背の高い雑草が生い茂った教会へ入ると、おじいさんがカラフルな帽子を被って座っていた。

 

『どこからきたんだい?』

 

『日本から来ました。』

 

そう言うと、おじいさんは顔を縮ませて握手を求めた。日本というだけで親しみを持って接して貰えるのは、私たちの先祖がたくさんの苦労と努力をしてくれたお陰なのである。

この小さな挨拶に、大変な有り難みを感じた。

 

おじいさんはそのあとお家へ案内してくれた。扉はステンレス製の簡易なもので、家は土壁で出来た風土建築のようなものだった。

おじいさんは一人で住んでいるようだったが、すぐ近くに兄弟が住んでいると言っていた。その言葉は寂しくはないことを教えてくれているようだった。

 

 村に唯一ある、ミュージアムへ向かった。かやぶき屋根の建物の前へ着くと、扉はどこも閉まっていた。

 

 バスの方へ戻ろうとすると、ある家の庭が騒がしかった。覗いてみると、村人がたくさん集まっているようだった。中の様子を見させてくれるよう頼むと快く承諾してくれた。

 

 奥には家があり、女性達が料理を作っていた。屋根の上には解体した羊の皮が干してあり、銀色のボールの中にはいっぱいになった羊の内蔵が入っていた。

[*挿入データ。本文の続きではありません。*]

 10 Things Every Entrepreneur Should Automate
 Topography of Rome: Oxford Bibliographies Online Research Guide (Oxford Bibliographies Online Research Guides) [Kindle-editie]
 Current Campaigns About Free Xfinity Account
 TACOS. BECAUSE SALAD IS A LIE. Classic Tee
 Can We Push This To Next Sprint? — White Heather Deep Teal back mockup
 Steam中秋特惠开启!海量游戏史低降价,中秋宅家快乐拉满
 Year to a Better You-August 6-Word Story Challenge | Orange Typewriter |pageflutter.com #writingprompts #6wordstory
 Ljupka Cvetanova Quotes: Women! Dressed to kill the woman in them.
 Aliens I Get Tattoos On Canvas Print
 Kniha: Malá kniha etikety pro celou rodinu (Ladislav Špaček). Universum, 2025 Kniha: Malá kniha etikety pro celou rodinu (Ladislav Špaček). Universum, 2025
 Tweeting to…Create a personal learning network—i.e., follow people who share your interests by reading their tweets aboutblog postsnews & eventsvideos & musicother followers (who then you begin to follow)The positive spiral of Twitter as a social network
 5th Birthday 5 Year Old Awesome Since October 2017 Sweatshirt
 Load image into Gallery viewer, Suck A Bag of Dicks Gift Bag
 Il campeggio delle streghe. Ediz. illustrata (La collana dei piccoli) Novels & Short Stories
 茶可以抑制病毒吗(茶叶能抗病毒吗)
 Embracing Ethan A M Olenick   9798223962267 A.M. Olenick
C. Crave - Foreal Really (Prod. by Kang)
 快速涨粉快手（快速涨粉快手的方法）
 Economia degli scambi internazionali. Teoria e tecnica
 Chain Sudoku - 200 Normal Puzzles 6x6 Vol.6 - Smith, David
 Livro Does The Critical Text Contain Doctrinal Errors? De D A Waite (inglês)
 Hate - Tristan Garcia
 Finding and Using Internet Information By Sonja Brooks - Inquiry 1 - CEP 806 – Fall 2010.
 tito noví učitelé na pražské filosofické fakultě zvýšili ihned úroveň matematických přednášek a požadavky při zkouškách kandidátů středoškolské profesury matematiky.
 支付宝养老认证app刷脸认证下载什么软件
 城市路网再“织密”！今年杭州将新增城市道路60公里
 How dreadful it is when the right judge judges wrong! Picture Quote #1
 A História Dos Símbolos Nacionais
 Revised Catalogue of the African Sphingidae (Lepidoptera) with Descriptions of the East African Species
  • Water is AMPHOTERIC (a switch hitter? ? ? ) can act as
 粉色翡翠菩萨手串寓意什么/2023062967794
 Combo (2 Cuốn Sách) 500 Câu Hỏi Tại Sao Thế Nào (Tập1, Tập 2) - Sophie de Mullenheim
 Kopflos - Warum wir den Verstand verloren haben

私は初めて見るものだったので少し衝撃的だったが、解体して食する人達はどんな気持ちで肉と向かい合うのだろうと想像した。

 

 突然大雨が降って来たので少し家の中で雨宿りさせてもらった。

子供達やお母さんは突然の分けのわからない外国人の訪問に恥ずかしがって手で顔を覆った。

 

通り雨が止んだと同時に男性達が管楽器と太鼓でマーチを演奏し始めた。

チチカカ湖が見下ろせる小さな村で賑やかな音楽がこだました。

 

またここへ来ることがあるだろうか?

私の人生の所在がどこにあろうとも、日々のふとした瞬間にサンパヤ村の人達の姿が瞼に浮かぶことを思うと、それだけで心は軽くなる。